<<<<
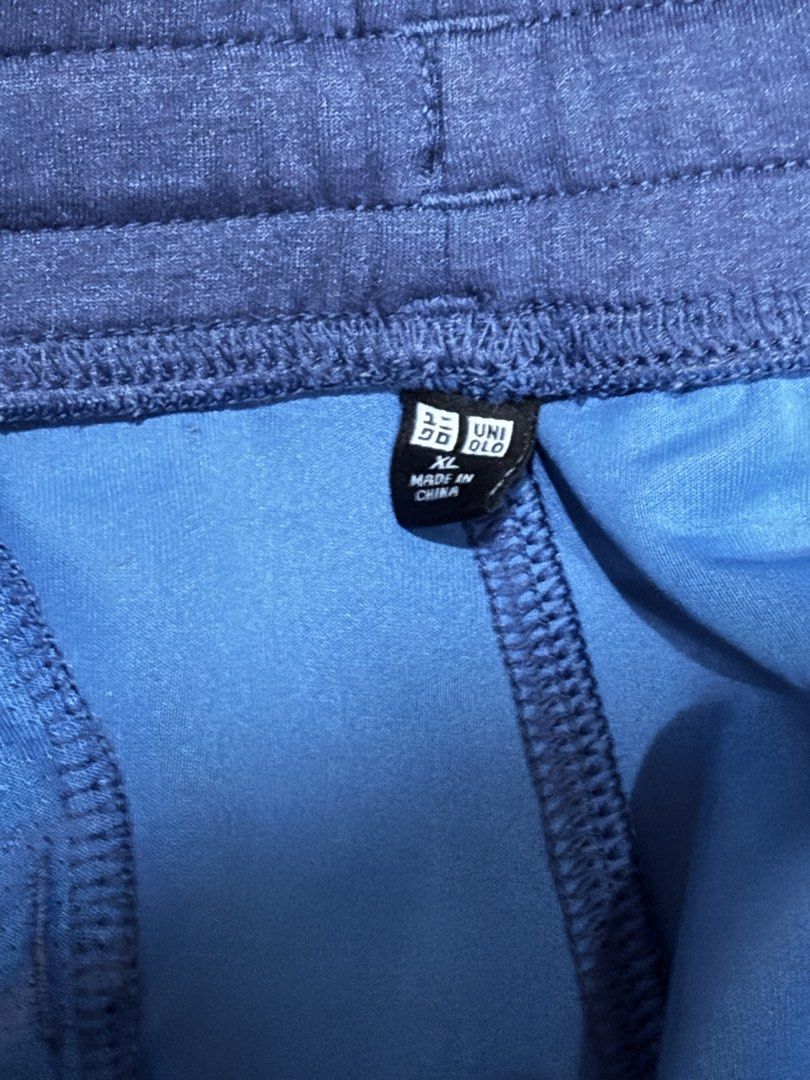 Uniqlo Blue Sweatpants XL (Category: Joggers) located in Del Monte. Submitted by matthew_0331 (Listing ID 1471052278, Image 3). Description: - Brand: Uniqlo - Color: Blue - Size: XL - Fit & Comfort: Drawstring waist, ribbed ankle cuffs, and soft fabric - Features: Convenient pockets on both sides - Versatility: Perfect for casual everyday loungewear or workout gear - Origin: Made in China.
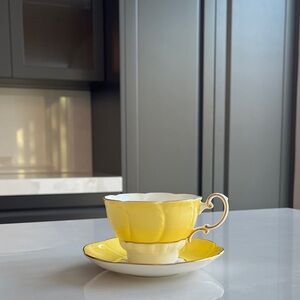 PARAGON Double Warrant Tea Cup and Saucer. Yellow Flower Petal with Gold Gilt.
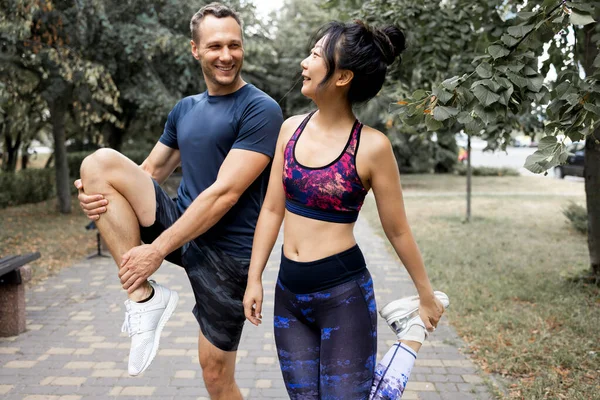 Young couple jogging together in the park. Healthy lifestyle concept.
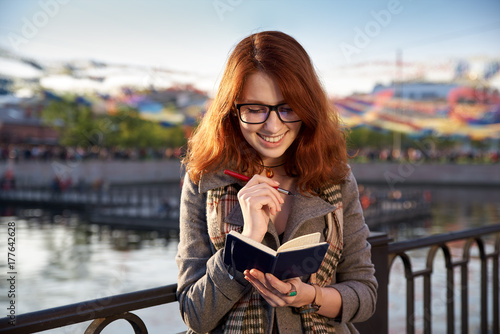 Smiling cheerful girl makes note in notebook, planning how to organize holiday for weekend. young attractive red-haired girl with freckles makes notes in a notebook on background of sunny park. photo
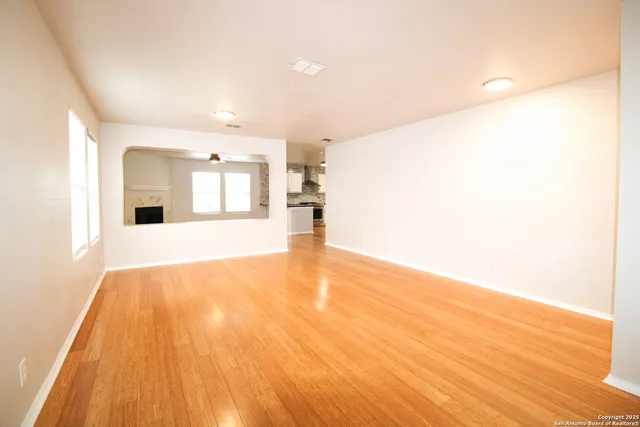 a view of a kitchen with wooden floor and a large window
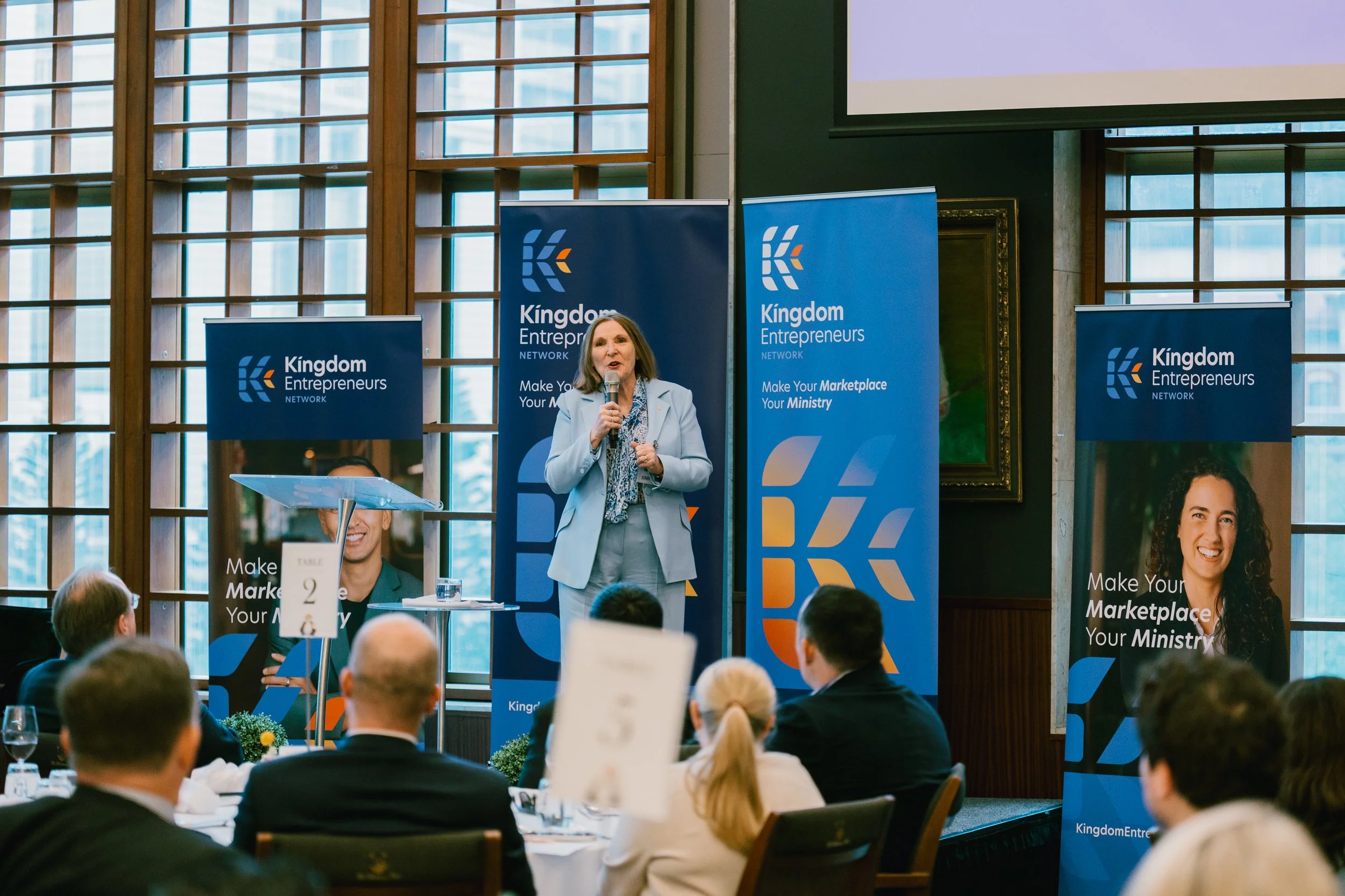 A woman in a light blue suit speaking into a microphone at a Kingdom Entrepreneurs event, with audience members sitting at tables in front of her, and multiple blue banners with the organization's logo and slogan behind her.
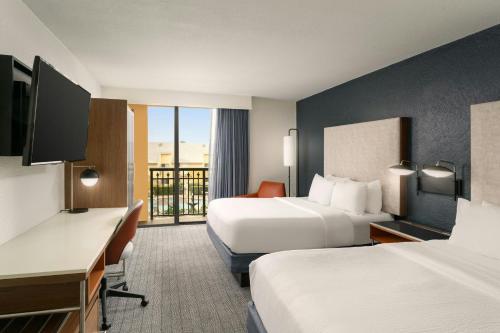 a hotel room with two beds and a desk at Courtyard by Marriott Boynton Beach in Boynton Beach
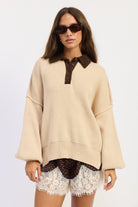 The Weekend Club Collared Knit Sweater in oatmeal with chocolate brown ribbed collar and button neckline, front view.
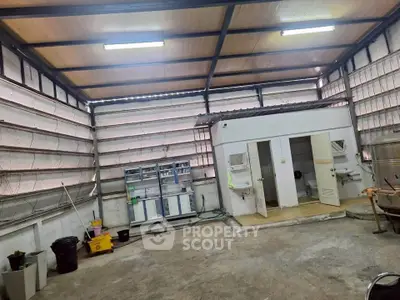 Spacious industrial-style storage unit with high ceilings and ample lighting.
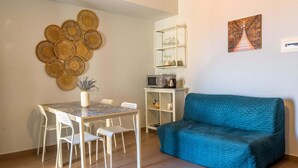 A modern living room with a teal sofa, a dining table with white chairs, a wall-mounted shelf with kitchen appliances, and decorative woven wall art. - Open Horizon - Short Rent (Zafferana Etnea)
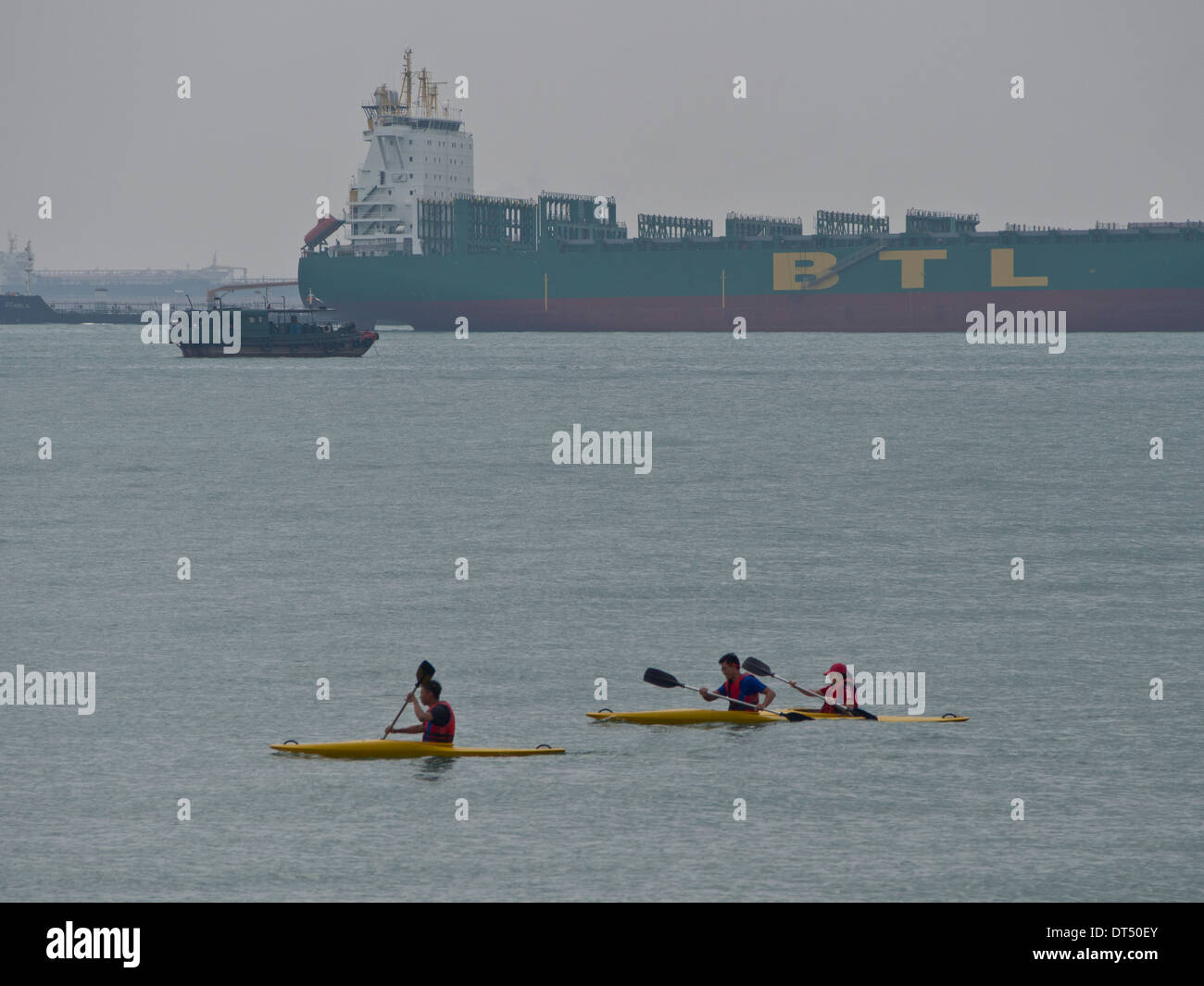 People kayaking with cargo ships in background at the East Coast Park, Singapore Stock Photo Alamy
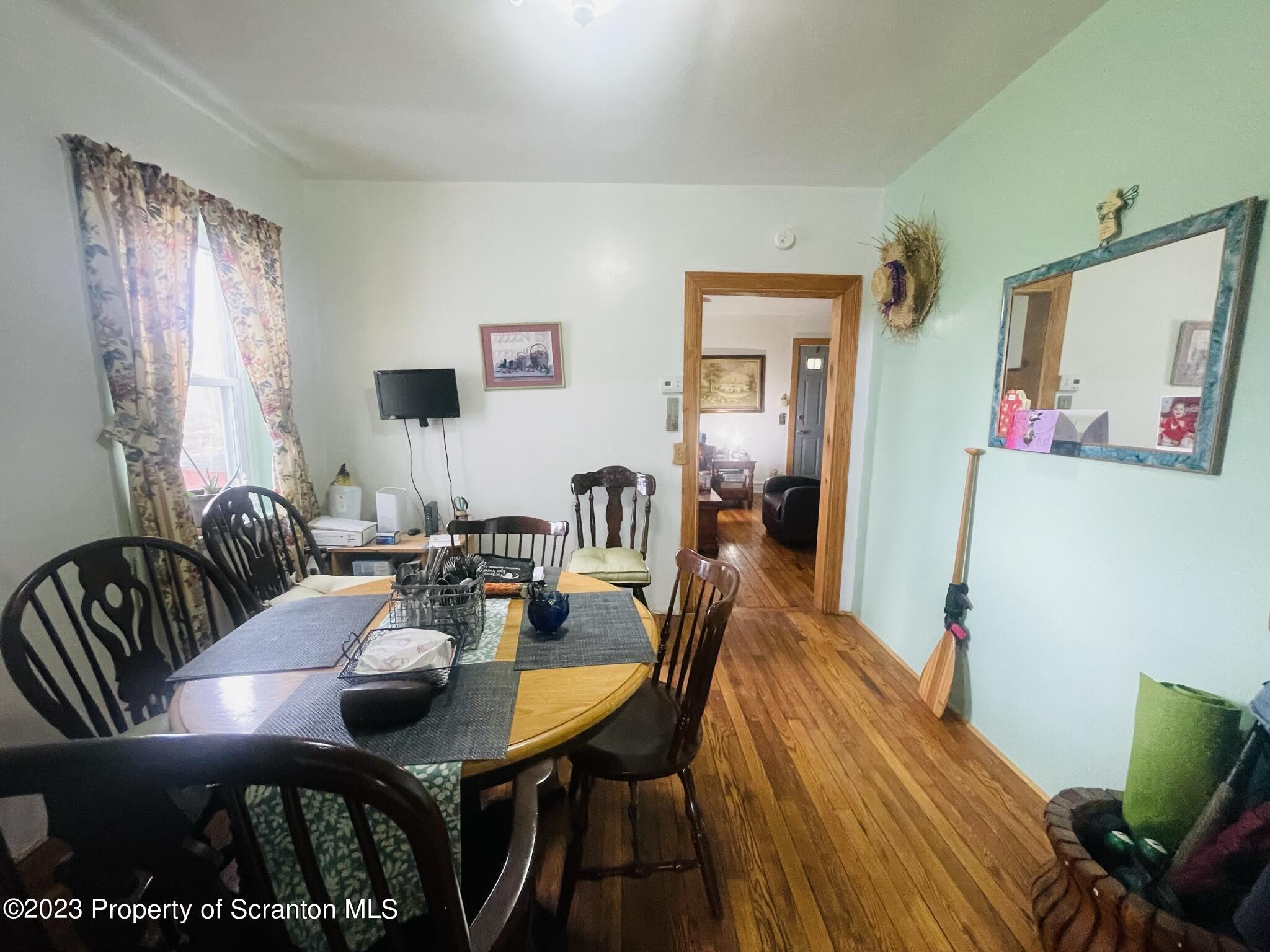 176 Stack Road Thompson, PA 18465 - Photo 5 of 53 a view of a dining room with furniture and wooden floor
>>>>
## About this task:
Beginning at the line with "The Weekend Club" and ending at the last line of the listing above, retype each line exactly, including those two lines. Leave the pictures out.

## Task result:
 The Weekend Club Collared Knit Sweater in oatmeal with chocolate brown ribbed collar and button neckline, front view.
 Spacious industrial-style storage unit with high ceilings and ample lighting.
 A modern living room with a teal sofa, a dining table with white chairs, a wall-mounted shelf with kitchen appliances, and decorative woven wall art. - Open Horizon - Short Rent (Zafferana Etnea)
 People kayaking with cargo ships in background at the East Coast Park, Singapore Stock Photo Alamy
 176 Stack Road Thompson, PA 18465 - Photo 5 of 53 a view of a dining room with furniture and wooden floor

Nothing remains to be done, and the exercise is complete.